Aaron dug his heel into the floor. Or maybe you don't want any witnesses, including me. He reached over and cranked the car's heater up then blew on his hands to warm them. “Temperature's dropped since we hit this patch of fog. It feels like the inside of a freezer in here,” he said. “Some kind of weird shit's going down.” His eyes darted from one side of the road to the other. “Makes me wonder....”
“Makes you wonder what?” Matthew snapped.
Brushing cigarette ash from his pant leg, Aaron stared straight ahead. “Our snitch over at the Sheriff's Department claims at least two of the case detectives believe the killer's a devil worshiper. They've reported hearing and seeing things they can't explain.”
Matthew slammed his palm against the wheel. “Devil, my ass. Pearce is a homegrown, bona fide maniac who blames my father for the actions of a pervert priest,” he spat out.
“Hey, I happen to agree with you,” Aaron soothed. Gesturing out the window, he added, “Stay focused and slow down! You're getting too close to that cop."
“Matthew turn around and get the hell out of here,” he urged. But Matthew appeared transfixed by the unfolding drama.
Instead of smashing into the bridge head-on, the front end of Jana's car grazed the bridge as it sailed out over the river. Stopping in mid-air, it began to spin. Four dark, roiling masses seemed to be controlling the speed.
“We gotta do something,” Aaron offered without enthusiasm.
“Wait,” Matthew ordered. He pointed to where a blazing sword appeared in the sky above the car. His voice dropped to a whisper, “How is that possible?”

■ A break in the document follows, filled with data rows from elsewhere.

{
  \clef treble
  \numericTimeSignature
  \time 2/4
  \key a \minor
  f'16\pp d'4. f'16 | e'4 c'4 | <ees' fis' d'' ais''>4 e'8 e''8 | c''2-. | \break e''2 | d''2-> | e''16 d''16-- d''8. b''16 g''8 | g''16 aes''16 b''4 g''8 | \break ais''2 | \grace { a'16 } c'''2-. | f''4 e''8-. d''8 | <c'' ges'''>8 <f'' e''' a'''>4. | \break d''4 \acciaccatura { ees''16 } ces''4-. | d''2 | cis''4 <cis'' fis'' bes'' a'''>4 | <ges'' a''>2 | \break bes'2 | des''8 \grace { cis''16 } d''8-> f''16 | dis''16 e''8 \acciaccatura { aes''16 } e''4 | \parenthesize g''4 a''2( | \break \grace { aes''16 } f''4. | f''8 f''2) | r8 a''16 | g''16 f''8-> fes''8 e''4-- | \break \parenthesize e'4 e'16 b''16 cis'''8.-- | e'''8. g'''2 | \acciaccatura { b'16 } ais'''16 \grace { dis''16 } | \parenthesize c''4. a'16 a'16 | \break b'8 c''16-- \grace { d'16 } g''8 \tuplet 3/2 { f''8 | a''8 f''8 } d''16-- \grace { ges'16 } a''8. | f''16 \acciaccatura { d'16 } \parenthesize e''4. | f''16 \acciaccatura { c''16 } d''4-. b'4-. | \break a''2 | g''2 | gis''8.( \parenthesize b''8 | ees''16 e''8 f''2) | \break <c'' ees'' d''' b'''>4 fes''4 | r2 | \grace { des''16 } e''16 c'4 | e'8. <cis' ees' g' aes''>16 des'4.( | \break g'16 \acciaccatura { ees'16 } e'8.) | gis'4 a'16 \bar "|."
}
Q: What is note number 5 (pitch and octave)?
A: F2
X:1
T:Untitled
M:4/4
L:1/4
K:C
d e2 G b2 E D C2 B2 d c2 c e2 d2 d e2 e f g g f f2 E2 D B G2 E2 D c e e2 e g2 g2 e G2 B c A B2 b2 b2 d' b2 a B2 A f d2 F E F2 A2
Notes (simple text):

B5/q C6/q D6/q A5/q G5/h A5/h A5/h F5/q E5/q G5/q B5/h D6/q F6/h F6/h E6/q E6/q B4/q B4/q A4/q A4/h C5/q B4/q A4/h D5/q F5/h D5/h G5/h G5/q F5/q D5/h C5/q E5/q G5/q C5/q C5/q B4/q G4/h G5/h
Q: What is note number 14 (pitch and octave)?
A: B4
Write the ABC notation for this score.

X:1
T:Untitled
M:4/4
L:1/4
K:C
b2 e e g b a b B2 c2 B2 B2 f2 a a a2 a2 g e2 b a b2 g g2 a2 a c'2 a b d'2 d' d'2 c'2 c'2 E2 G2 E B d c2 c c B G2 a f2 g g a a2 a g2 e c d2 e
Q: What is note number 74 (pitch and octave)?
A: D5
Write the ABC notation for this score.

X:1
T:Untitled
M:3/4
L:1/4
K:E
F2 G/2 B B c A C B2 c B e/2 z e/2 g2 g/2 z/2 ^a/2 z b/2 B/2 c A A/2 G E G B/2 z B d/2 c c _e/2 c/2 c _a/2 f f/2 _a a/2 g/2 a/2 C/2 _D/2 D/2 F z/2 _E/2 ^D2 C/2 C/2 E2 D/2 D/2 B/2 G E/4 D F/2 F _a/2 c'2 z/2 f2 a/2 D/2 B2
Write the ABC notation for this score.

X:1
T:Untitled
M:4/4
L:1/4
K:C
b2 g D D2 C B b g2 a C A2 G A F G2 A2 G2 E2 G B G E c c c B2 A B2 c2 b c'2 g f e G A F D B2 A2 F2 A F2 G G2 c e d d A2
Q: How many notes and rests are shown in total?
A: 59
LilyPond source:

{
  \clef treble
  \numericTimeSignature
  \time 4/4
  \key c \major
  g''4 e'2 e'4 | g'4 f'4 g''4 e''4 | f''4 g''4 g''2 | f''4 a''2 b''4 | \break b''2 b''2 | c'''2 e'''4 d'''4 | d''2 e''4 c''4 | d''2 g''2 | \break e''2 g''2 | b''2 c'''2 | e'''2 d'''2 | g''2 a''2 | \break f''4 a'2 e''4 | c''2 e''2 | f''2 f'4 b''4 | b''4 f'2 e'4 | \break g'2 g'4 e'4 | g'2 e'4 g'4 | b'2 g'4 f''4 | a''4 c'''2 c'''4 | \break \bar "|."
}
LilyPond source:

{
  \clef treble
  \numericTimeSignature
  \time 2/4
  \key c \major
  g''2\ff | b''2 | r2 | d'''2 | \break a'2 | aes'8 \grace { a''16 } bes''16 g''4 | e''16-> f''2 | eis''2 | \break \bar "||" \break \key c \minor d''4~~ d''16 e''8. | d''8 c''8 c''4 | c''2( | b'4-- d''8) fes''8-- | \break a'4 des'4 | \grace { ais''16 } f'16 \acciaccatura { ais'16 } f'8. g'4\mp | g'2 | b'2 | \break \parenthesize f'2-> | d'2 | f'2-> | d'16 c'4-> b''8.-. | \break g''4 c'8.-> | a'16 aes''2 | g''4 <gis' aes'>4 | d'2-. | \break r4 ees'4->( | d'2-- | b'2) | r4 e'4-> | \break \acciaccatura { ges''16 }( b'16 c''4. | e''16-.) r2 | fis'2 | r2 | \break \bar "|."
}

The sword came down, seeming to split the car in two. In its wake, a net of shimmering gold spread out to enfold the car in a protective light. The black spheres dashed themselves against the net over and over, and with every assault it burned brighter. Finally, on a wave of raucous screeching, they coalesced and shot straight up. With their departure, the car levitated to a field on the other side of the river, landing with a gentle thud. The net lifted as if blown by a breath, and winked out.
Aaron, in a total panic, tried to grab the wheel of the car. “Get me the hell out of here,” he yelled.
Matthew lashed out with the back of his hand, grazing the other man's cheek. “Pull it together,” he warned. Continuing across the bridge, he brought the car to a stop at the side of the road.
He grabbed a handful of Aaron's jacket and pulled him close. “I'm going down to see if they're hurt. Take off and you won't get a cent from me. Clear?”
Aaron yanked his jacket free. “I'm not staying in this car alone.” He shoved open the car door so hard it rocked on its hinges. Kicking it shut with his foot, he turned to see Matthew heading down the slope.
Retrieving a colt mustang from his pocket and wrapping a fist around the cold metal, he hurried to catch up with his boss.